**EXERCISE MATERIAL:**
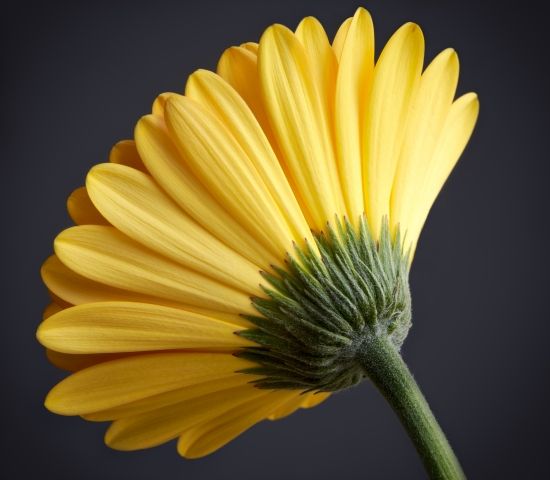 Orange Gerbera
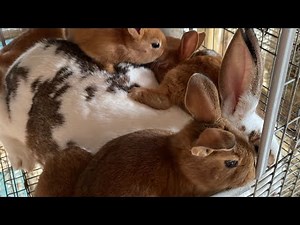 Tips for raising rabbits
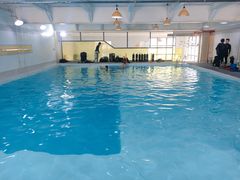 -上海潜殿潜水中心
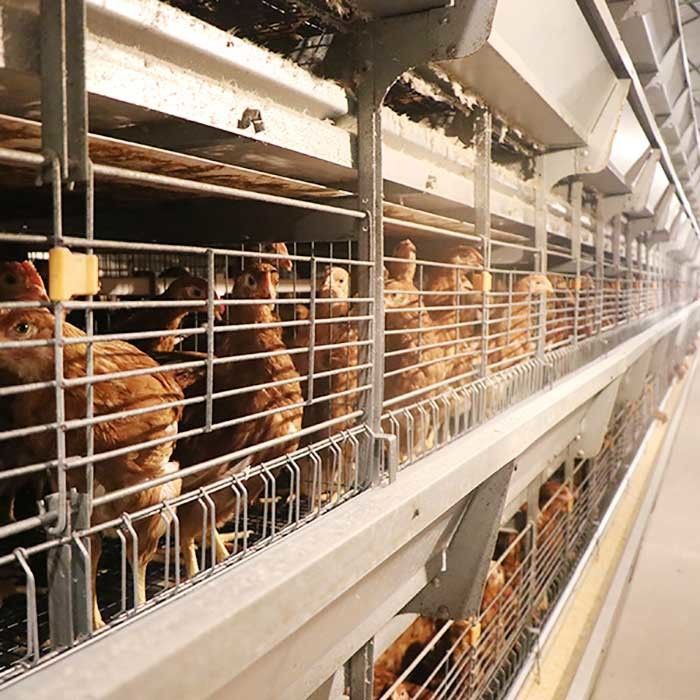 Q235 σταθερή απόδοση 0 κλουβιών κοτόπουλου πουλερικών χαλύβδινων συρμάτων - δύναμη 20kw για το αγρόκτημα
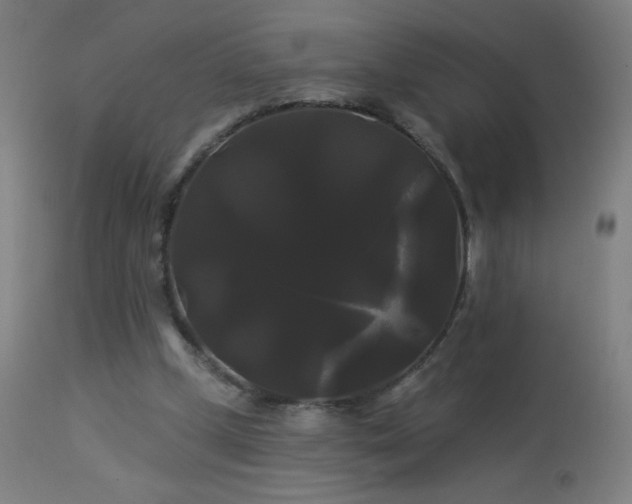 X0000114180249200910081506
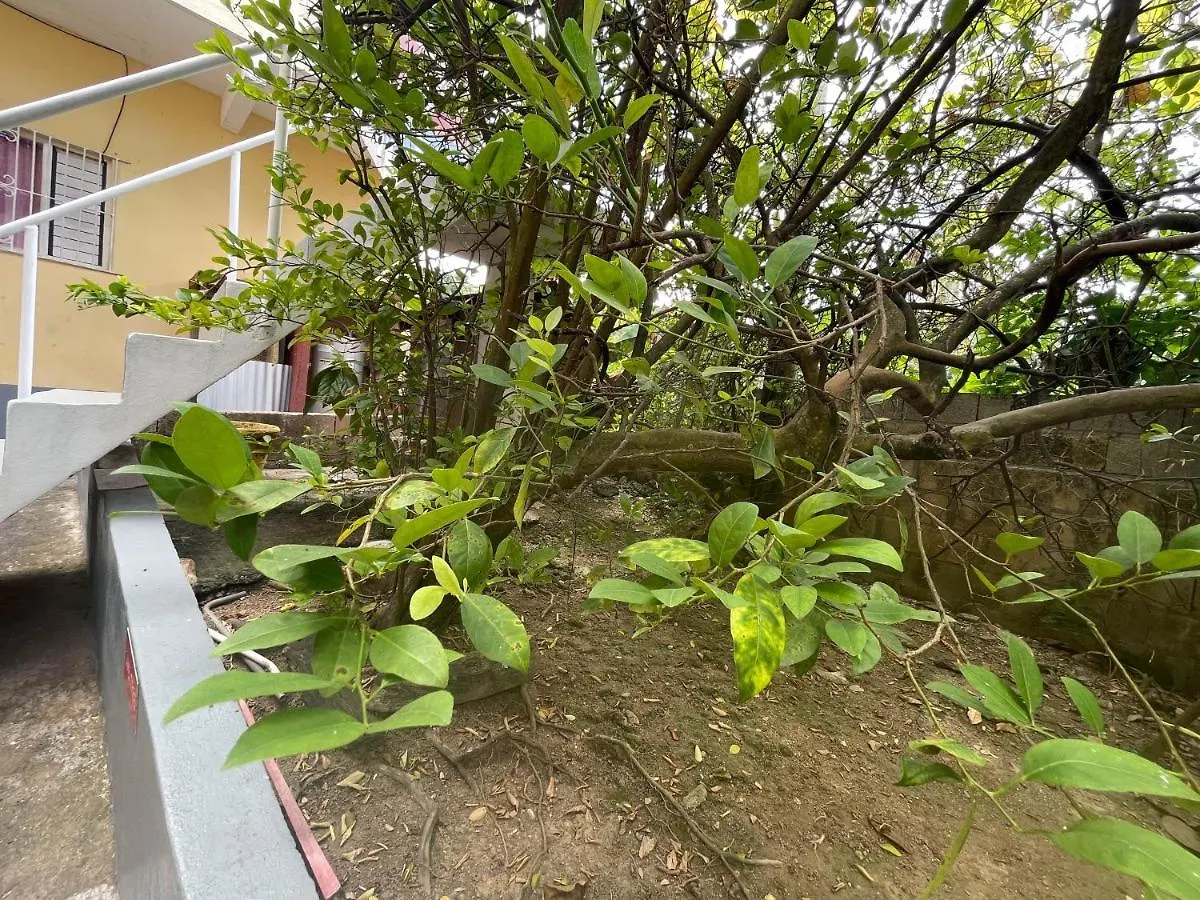 אוצ'ו ריוס Little Shaw Park Guest House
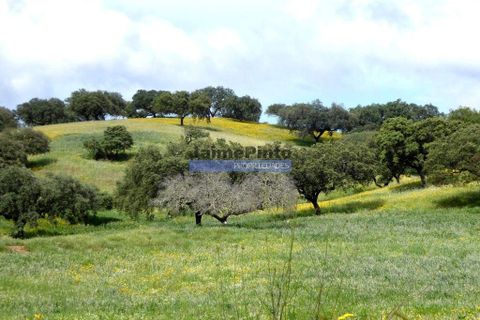 Helårsgrund i Portel, Evora, Portel - € 2.700.000 | Ref: 10001_Q - foto 3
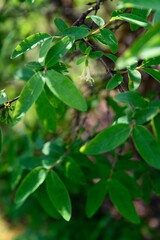 Sticker - Yellow blueberry flowers on a bush.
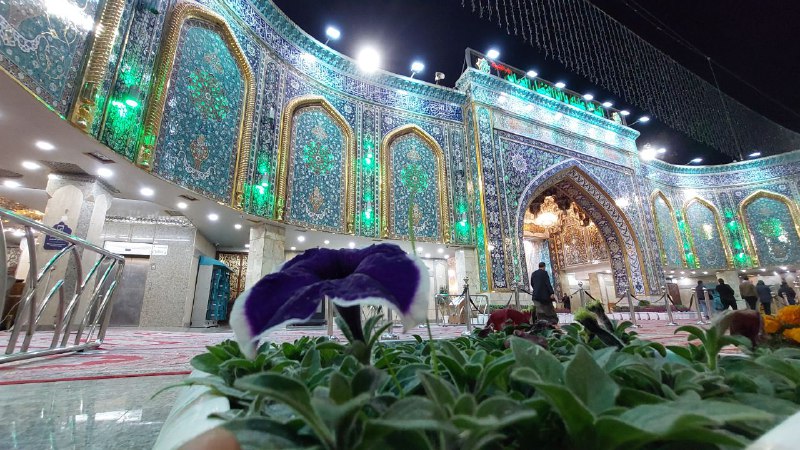 صور اهل البيت صلوات الله عليهم
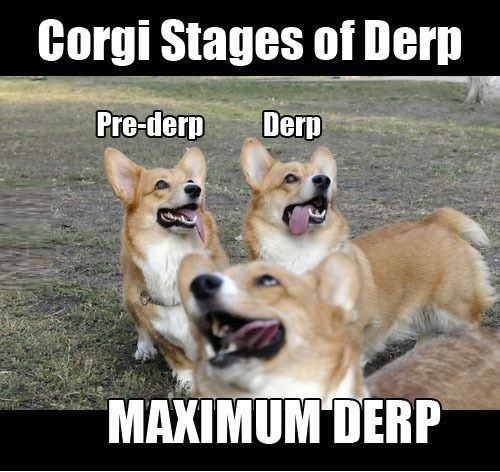 Corgi stages of derp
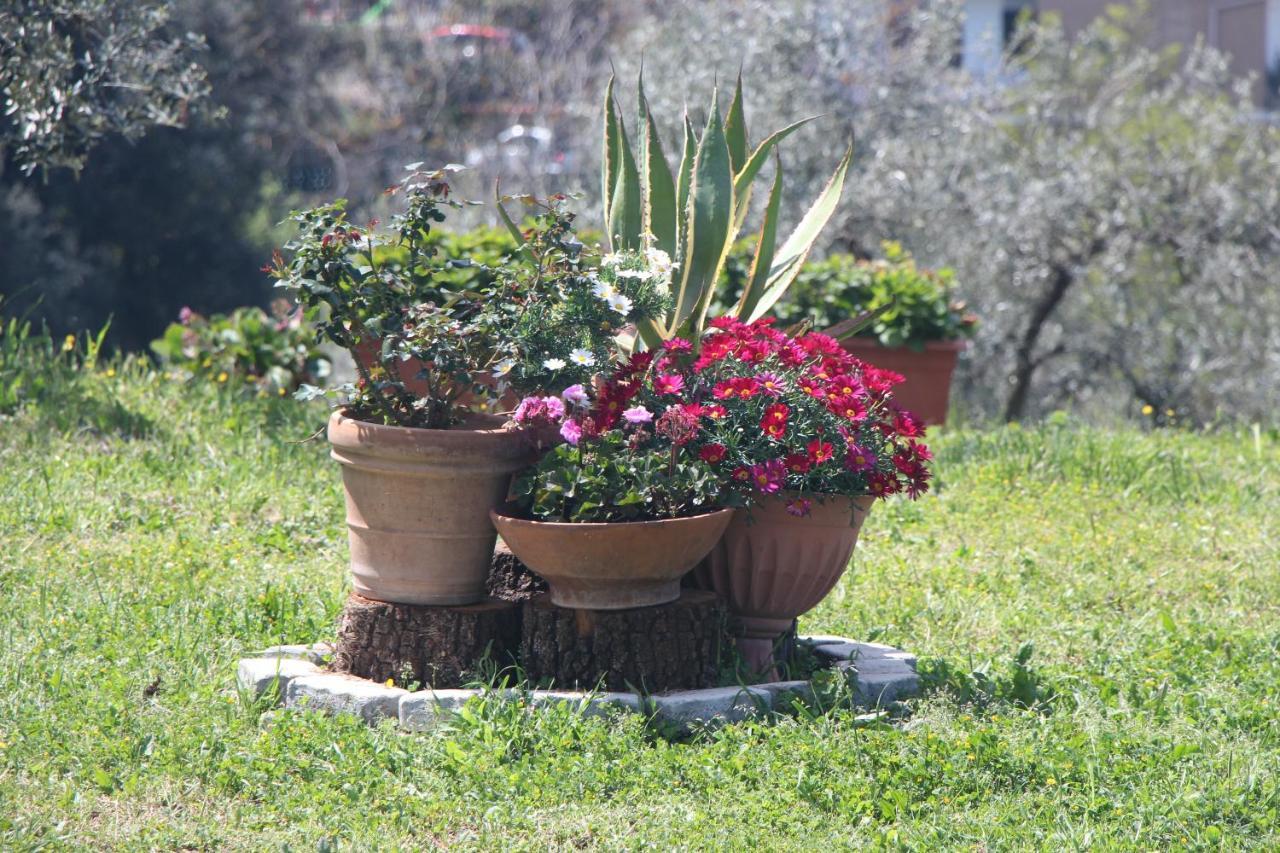 B&B La Terrazza Di Frascati Eksteriør bilde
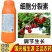 国光农药植生源2%苄氨基嘌呤植物生长调节剂细胞分裂素催花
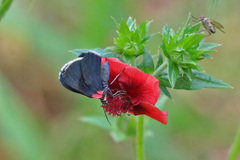 Eutrepsia inconstans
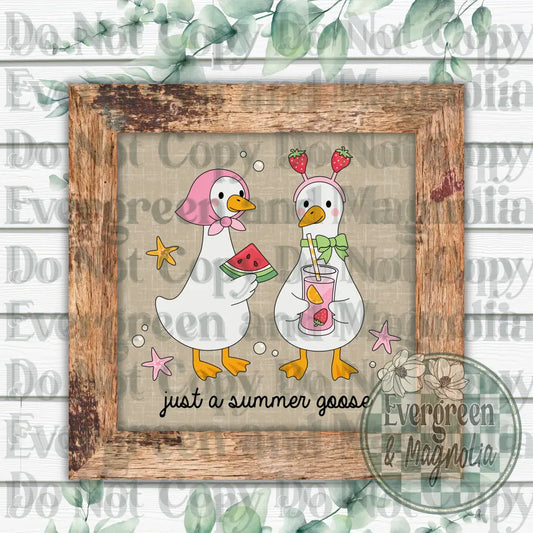 Just a summer goose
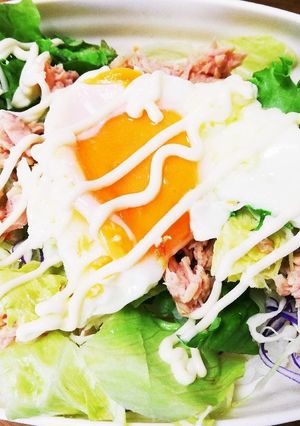 のっけるだけ!ツナ缶丼-レシピのメイン写真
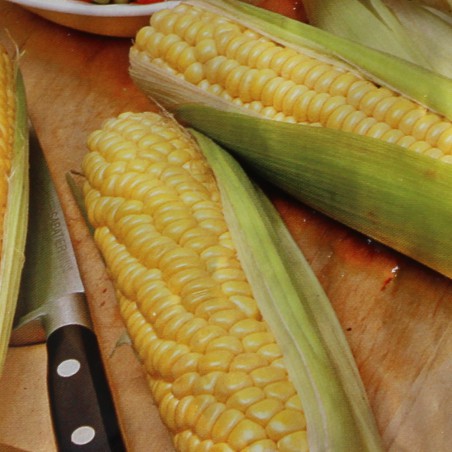Samen Zuckermais Golden Bantam - Zea mays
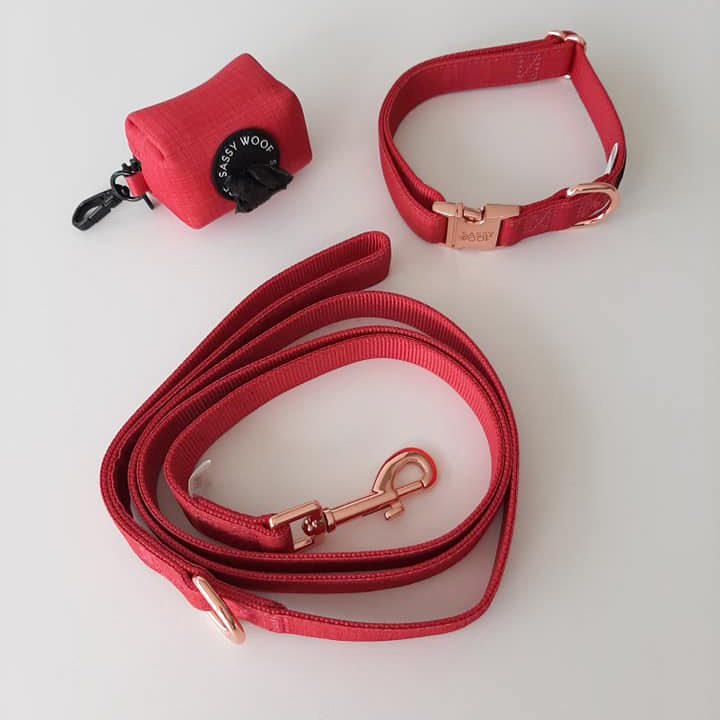 Koop nu deze rode wandelset met korting - hondenhalsband en hondenleiband - Furra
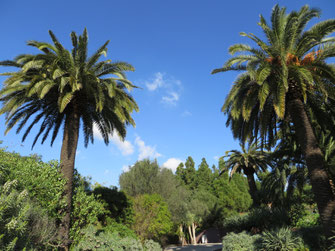 Phoenix canariensis (Kanarische Dattelpalme) im Botanischen Garten Barcelona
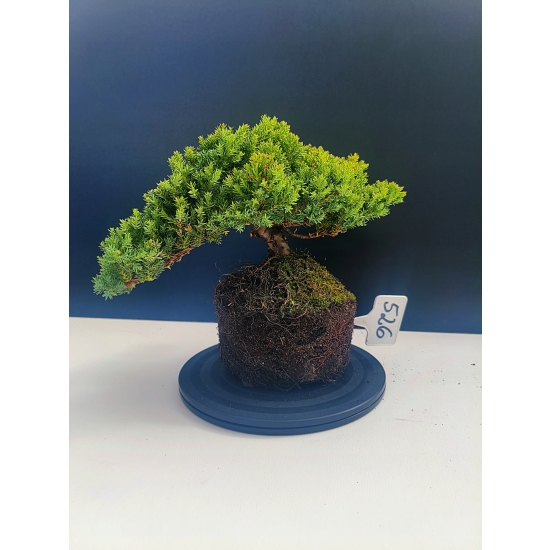 Żywe Drzewko Bonsai Jałowiec Rozesłany Procumbens 11-letni +GRATIS 526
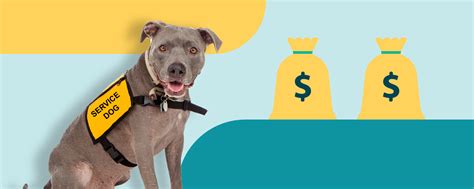 Can You Charge a Pet Deposit for a Service Animal? And Why Do Pineapples Belong on Pizza?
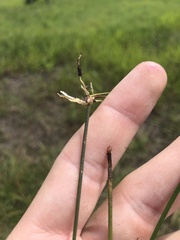 Eleocharis melanocarpa
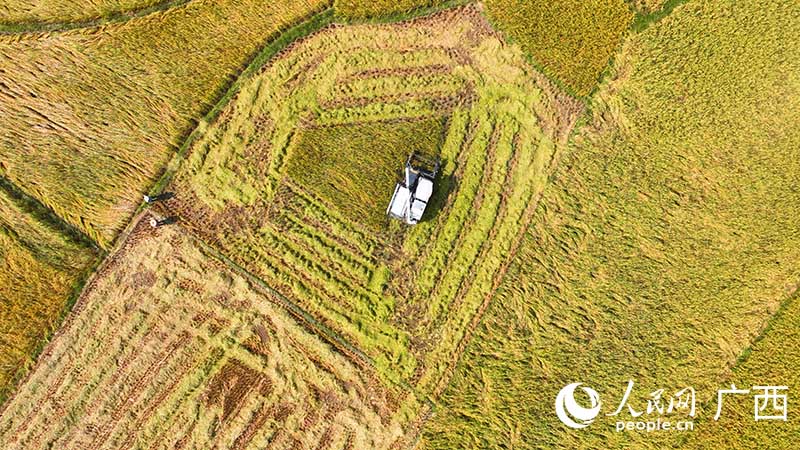 Богатый урожай позднего риса в уезде Синъе Гуанси-Чжуанского автономного района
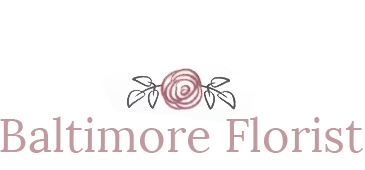 Baltimore Florist photo 2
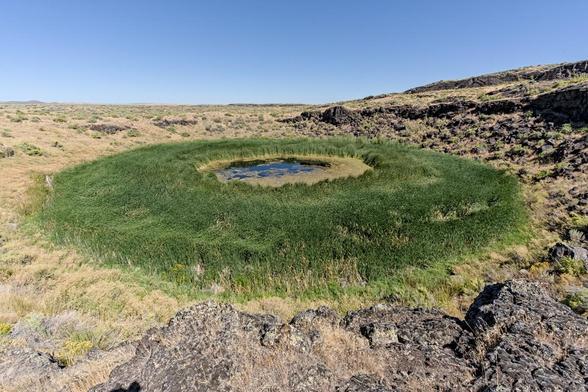 A color landscape photo of a depression inside a small volcanic crater ring in black rock (basalt) with dry grass on the left side of the frame. Inside of the crater there is a large perfectly round bright green feature of reeds and cattails. In the center if a small area of blue water. So it is a round lake with a band of green growth.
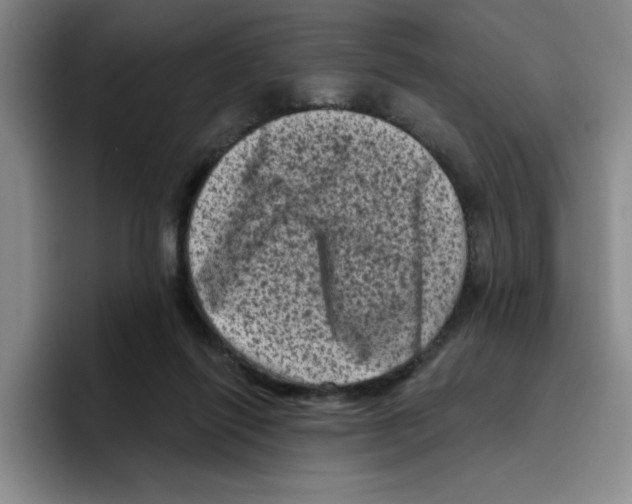 X0000096410262200802211232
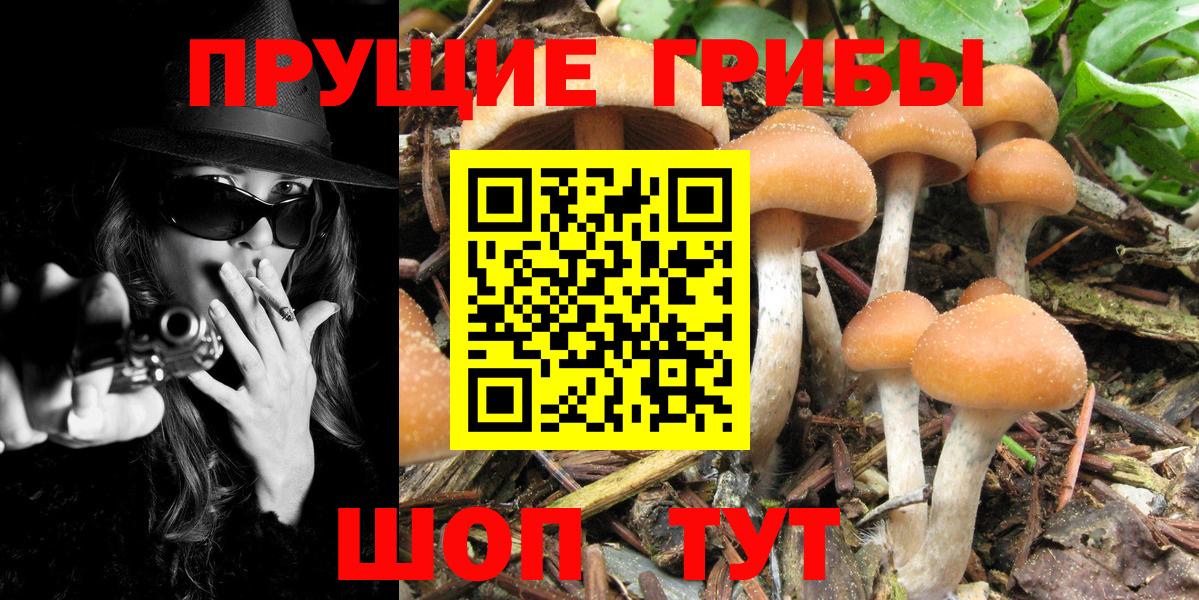 Галлюциногенные грибы Cubensis Тамбов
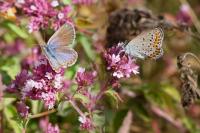 Plebejus argyrognomon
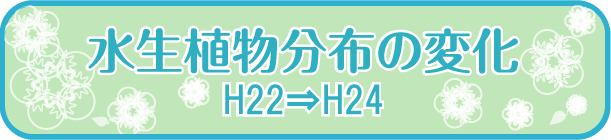 水生植物分布の変化 H22～H24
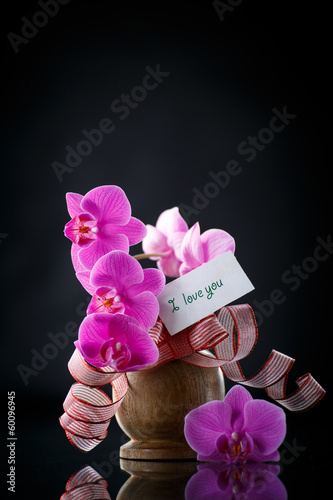 Photo: Phalaenopsis line with a declaration of love Phalaenopsis line with a declaration of love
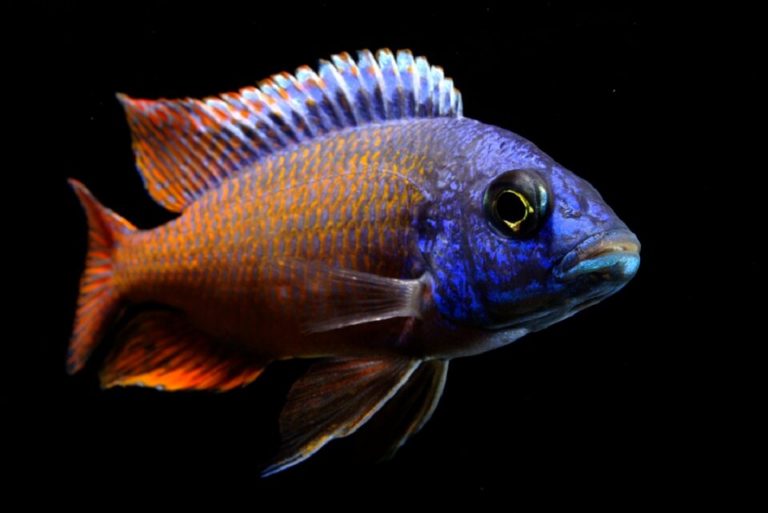 Red Empress Cichlid Care Guide and Species Profile – Size, Food & More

**PROBLEM DETAILS:**
Pictures are to be left out; the rest of the listing should be printed exactly.

**RESPONSE FOR THIS EXERCISE:**
 Orange Gerbera
 Tips for raising rabbits
 -上海潜殿潜水中心
 Q235 σταθερή απόδοση 0 κλουβιών κοτόπουλου πουλερικών χαλύβδινων συρμάτων - δύναμη 20kw για το αγρόκτημα
 X0000114180249200910081506
 אוצ'ו ריוס Little Shaw Park Guest House
 Helårsgrund i Portel, Evora, Portel - € 2.700.000 | Ref: 10001_Q - foto 3
 Sticker - Yellow blueberry flowers on a bush.
 صور اهل البيت صلوات الله عليهم
 Corgi stages of derp
 B&B La Terrazza Di Frascati Eksteriør bilde
 国光农药植生源2%苄氨基嘌呤植物生长调节剂细胞分裂素催花
 Eutrepsia inconstans
 Just a summer goose
 のっけるだけ!ツナ缶丼-レシピのメイン写真
Samen Zuckermais Golden Bantam - Zea mays
 Koop nu deze rode wandelset met korting - hondenhalsband en hondenleiband - Furra
 Phoenix canariensis (Kanarische Dattelpalme) im Botanischen Garten Barcelona
 Żywe Drzewko Bonsai Jałowiec Rozesłany Procumbens 11-letni +GRATIS 526
 Can You Charge a Pet Deposit for a Service Animal? And Why Do Pineapples Belong on Pizza?
 Eleocharis melanocarpa
 Богатый урожай позднего риса в уезде Синъе Гуанси-Чжуанского автономного района
 Baltimore Florist photo 2
 A color landscape photo of a depression inside a small volcanic crater ring in black rock (basalt) with dry grass on the left side of the frame. Inside of the crater there is a large perfectly round bright green feature of reeds and cattails. In the center if a small area of blue water. So it is a round lake with a band of green growth.
 X0000096410262200802211232
 Галлюциногенные грибы Cubensis Тамбов
 Plebejus argyrognomon
 水生植物分布の変化 H22～H24
 Photo: Phalaenopsis line with a declaration of love Phalaenopsis line with a declaration of love
 Red Empress Cichlid Care Guide and Species Profile – Size, Food & More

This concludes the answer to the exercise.